Just highlight the part you dont want and delete it. Just as I did on your post.
  ...lew...


----------



## raym 11 (Mar 13, 2008)

Just highlight the part you dont want and delete it. Just as I did on your post.
 ...lew...
[/quote]

Thanks Lew,

Ray M


----------



## Bernd (Mar 13, 2008)

ElGringo  said:
			
		

> I wonder if Guy Lutard is still around. ???
> Ray M



Yes he is. Here's his website: http://lautard.com/
Bernd

P.S. I'm waiting from him to publish the forth Bedside Reader.


----------



## DickDastardly40 (Mar 13, 2008)

GeneK  said:
			
		

> One other method is to use a bit of Rodico, blue tack or other stick on type stuff to hold a sewing needle to the tip of the drill bit.(or milling cutter) run the drill and 'milk' the needle to run true and use that to line up with the pop mark.
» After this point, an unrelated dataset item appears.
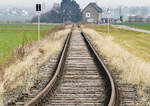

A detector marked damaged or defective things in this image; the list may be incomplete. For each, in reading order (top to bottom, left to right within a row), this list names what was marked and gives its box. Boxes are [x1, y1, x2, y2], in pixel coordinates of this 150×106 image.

rusty rail [24, 31, 71, 106]
rusty rail [81, 31, 119, 105]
Remove the needle and stick on type stuff and drill the hole.



I was taught an alternative to this which we also called 'sticky pin', which works on larger holes where the chisel tip of the drill won't fall into the pop mark. If you are confident that your centre pop is accurately located, scribe the biggest circle you can with a pair of dividers on the job in layout blue or marker pen.

Set the job on the table with the drill in the chuck and a pin stuck to the side of the drill with blu tack or gum and the point of the pin below the tip of the drill. hand rotate the drill adjusting the pin until you get it set to the radius of the large scribed circle and then move the job until when you rotate the spindle the tip of the needle follows the scribed circle. Nip up the clamps and recheck, remove the gum and drill.

God I hated that method, but it did work.

Best Always


----------